橋本英知氏 我々は通信教育講座「進研ゼミ」の事業を展開していますが、データ活用により、この解約率を下げることに成功しています。通信教育という特性から考えると解約に至るきっかけがいくつかあり、ここに注目しました。
1つは塾や学校と違って、先生が生徒を直接見守ることができないこと。子どもが自ら学習に取り組まねばならないので、1人で続けることが難しく、あきらめて解約してしまいます。
2つ目は、教材を使うのは子どもですが、お金を支払うのは親ということ。そのため使用感について親と子でギャップが生まれることがあります。親が忙しければ、子どもの学習状況を常に見ていることはできません。そのため、親の立場から見ると「うちの子は教材を使っていない。毎月、教材がたまるし、続けてもしょうがないのでやめよう」と考えがちです。親のインサイトとしては「教材があればもっと頑張ってくれると期待したのに、うちの子には向いていなかった」ということです。
このケースの場合は、解約の受け付けをするコールセンターのオペレーターとのコミュニケーションでそのギャップを埋めることができます。進研ゼミの教材はデジタル化が進んでおり、利用状況や学習の進捗がデータで可視化されるようになっています。コールセンターでは、会員の情報を特定できるようになっており、オペレーターがその場でお子さんの利用状況を確認しながら、学習法の提案などを行えます。
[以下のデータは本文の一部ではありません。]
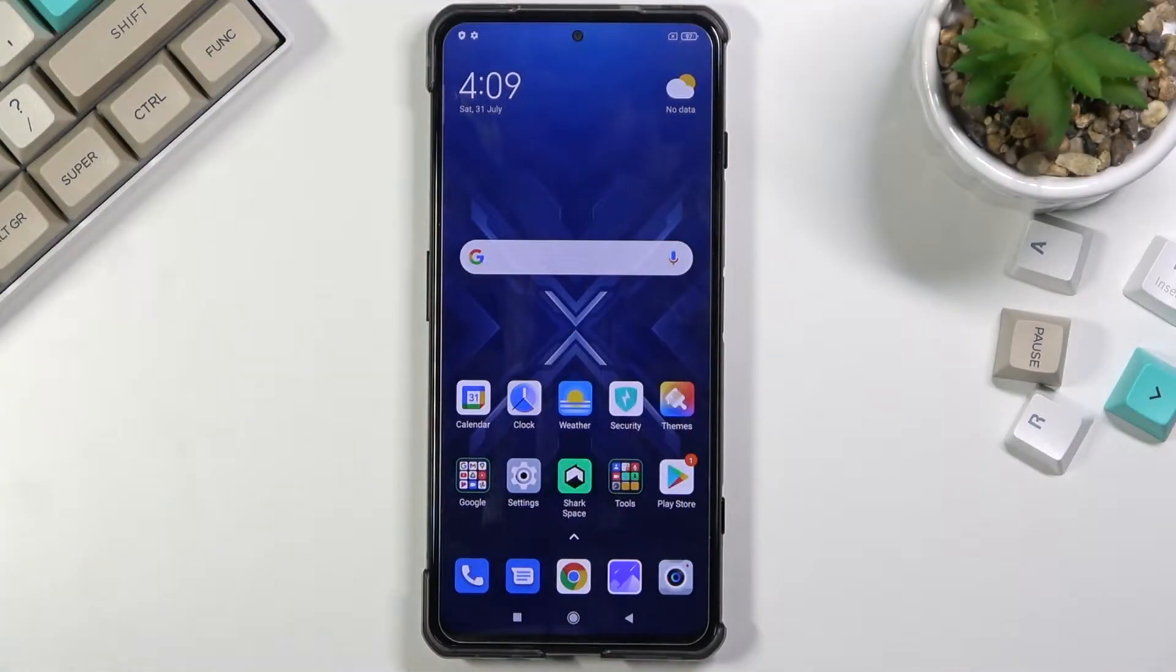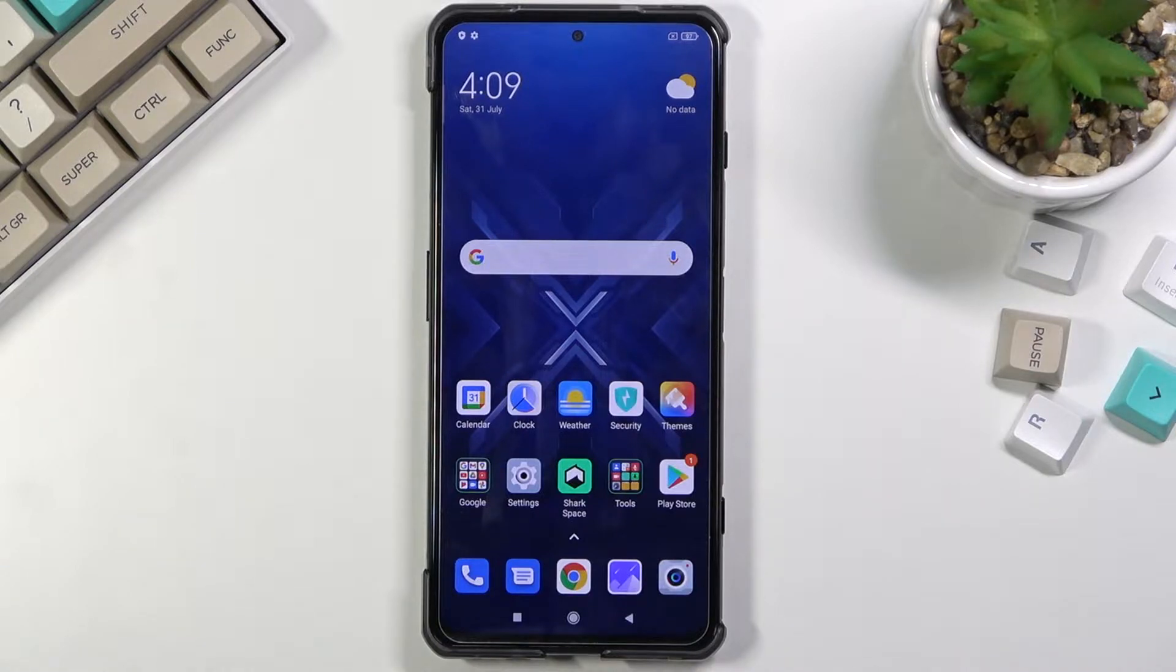Welcome. This is a Black Shark 4, and today I will show you how to put the device into recovery mode.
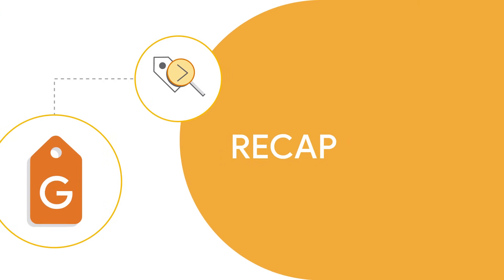In this video, we learned how to create a Tag Manager container, set it up on your website, add tags to our container, and then publish our changes. Happy measuring!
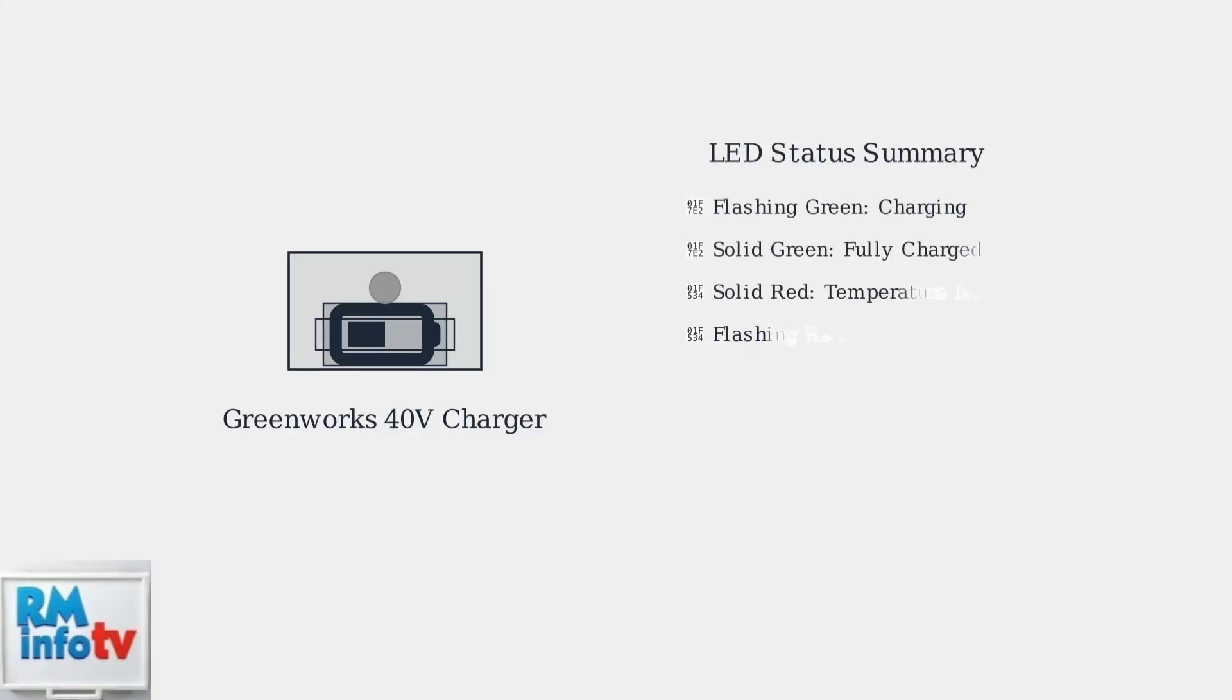Understanding these LED indicators helps you monitor your battery's charging progress and quickly identify any issues that need attention.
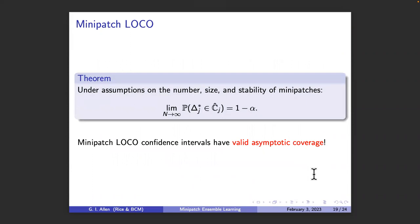You might ask: are these valid confidence intervals? There is a theorem confirming valid asymptotic coverage. Behind the scenes, since we're leaving one observation and one feature out at a time, the mini patches are all highly correlated with each other, so standard central limit theorems for dependent data don't apply. We made assumptions showing that ensembling is a stabilizing strategy, and leveraged recent central limit theorems for cross-validation to show valid asymptotic coverage.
例えばオペレーターが利用状況から「今月はあまり利用されなかったようですが、先月まではかなり教材に取り組まれていました。今月は何かあったのですか」と問えば、親は自分よりもオペレーターのほうが子どもの状況を把握していることに驚きます。さらに、これまでの利用状況に応じた学習アドバイスをすれば、「さぼっているように見えたけれども先月はきちんと学習していた。アドバイスを生かせばまた勉強してくれるかな」と親の気持ちも変わります。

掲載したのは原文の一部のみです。